21.10.2007
Türkei: Priester-Mörder posiert im Gefängnis als Held
Ankara/Türkei, 05.10.2007 (KAP) Der Mörder des katholischen Priesters Andrea Santoro ist im
Gefängnis von Trabzon in Heldenpose mit der türkischen Fahne fotografiert worden. Wie die
türkische Presse am 5. Oktober berichtete, schickte der noch minderjährige Mörder die Bilder
aus der Haftanstalt an seine Familie. Der Vater habe eines davon an seinem Arbeitsplatz
aufgehängt. Die Fotos zeigen den jugendlichen Täter laut Bericht lächelnd mit einer großen
türkischen Flagge. Die Aufnahmen erinnern an ähnliche Bilder, die Polizisten von dem
mutmaßlichen Mörder des armenischen Journalisten Hrant Dink machten.

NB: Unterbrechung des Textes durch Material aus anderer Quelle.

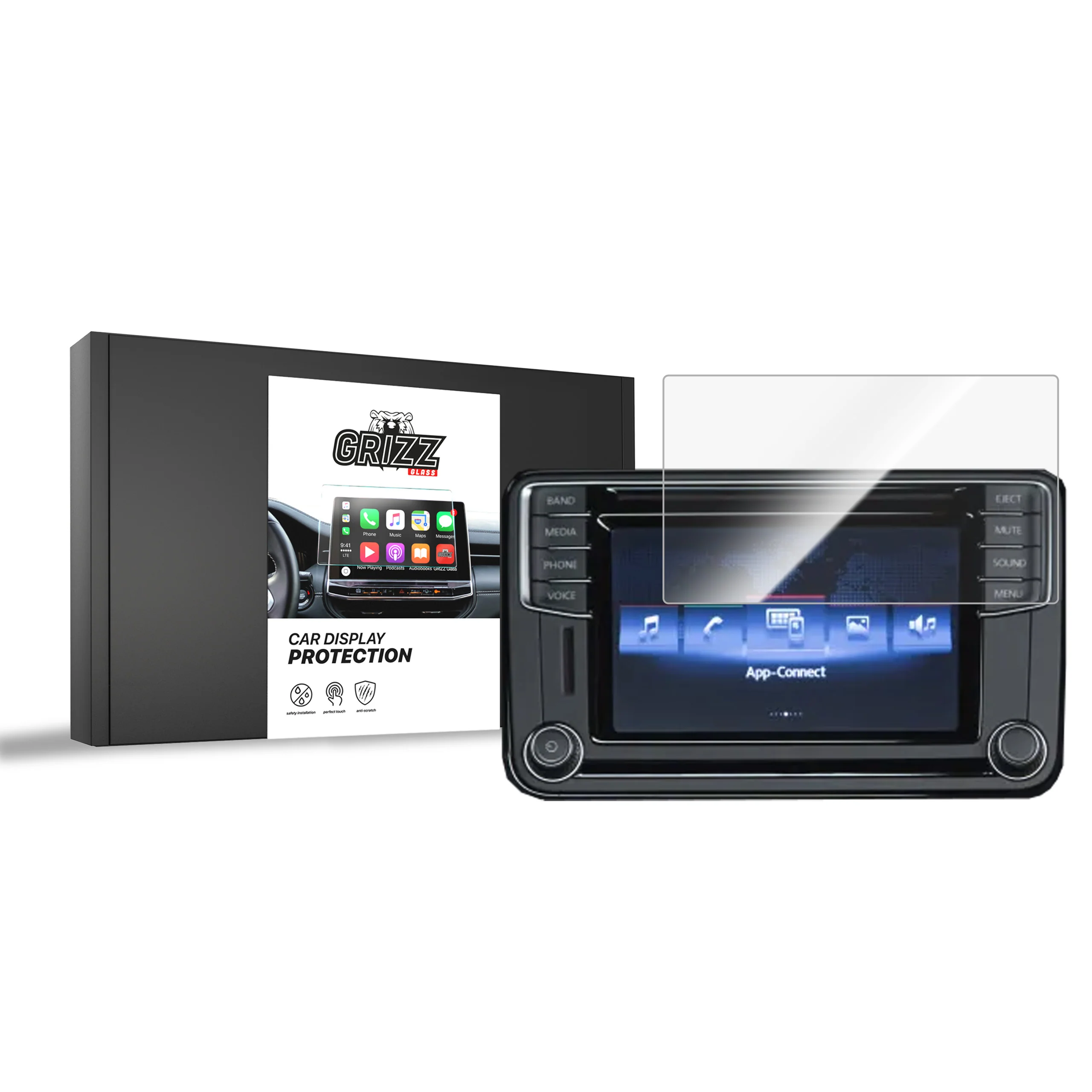 Displayschutzfolie für Volkswagen VW Scirocco (2015-2018) Navi Folie, Kratzfest, Klar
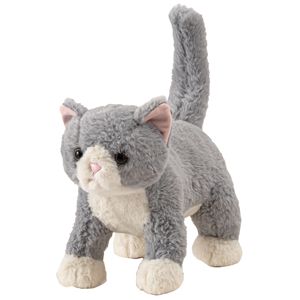 ぬいぐるみ 癒されアニマル movemal むぶまる 約W12.5×D27×H30cm 猫 ネコ ねこ 完成品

Die Aufnahmen lösten heftige Kritik aus. "Ein Ermittlungsverfahren muss eröffnet werden, um
zu untersuchen, wie es dazu kommen konnte", forderte der frühere Vorsitzende der
Anwaltskammer Istanbul, Yücel Sayman. Der Politikwissenschaftler Tanil Bora kritisierte, mit
der Verherrlichung rechtsradikaler Mörder werde im Land ein "Lynch-Klima" geschaffen. Der Rechtsanwalt Erdal Dogan, der die Hinterbliebenen von Hrant Dink vertritt, sagte, solche Bilder
hetzten gegen Minderheiten.
"Was ist an einem Priester so besonders?"
Der Vater des Santoro-Mörders kritisierte unterdessen das gegen seinen Sohn verhängte Urteil
als unverhältnismäßig und kündigte an, er werde den Europäischen Menschenrechtsgerichtshof
anrufen. "Wenn (mein Sohn) einen Mufti erschossen hätte, wäre er nach drei Jahren wieder raus
gewesen", wird Hikmet A. in den Medien zitiert: "Was ist denn an einem Priester so
besonders?"
Der Oberste Berufungsgerichtshof der Türkei hatte am Donnerstag die Verurteilung des
minderjährigen Ohuzan Akdil zu 18 Jahren und 10 Monaten Haft bestätigt. Davon muss er nach
Meinung von Experten voraussichtlich acht Jahre absitzen.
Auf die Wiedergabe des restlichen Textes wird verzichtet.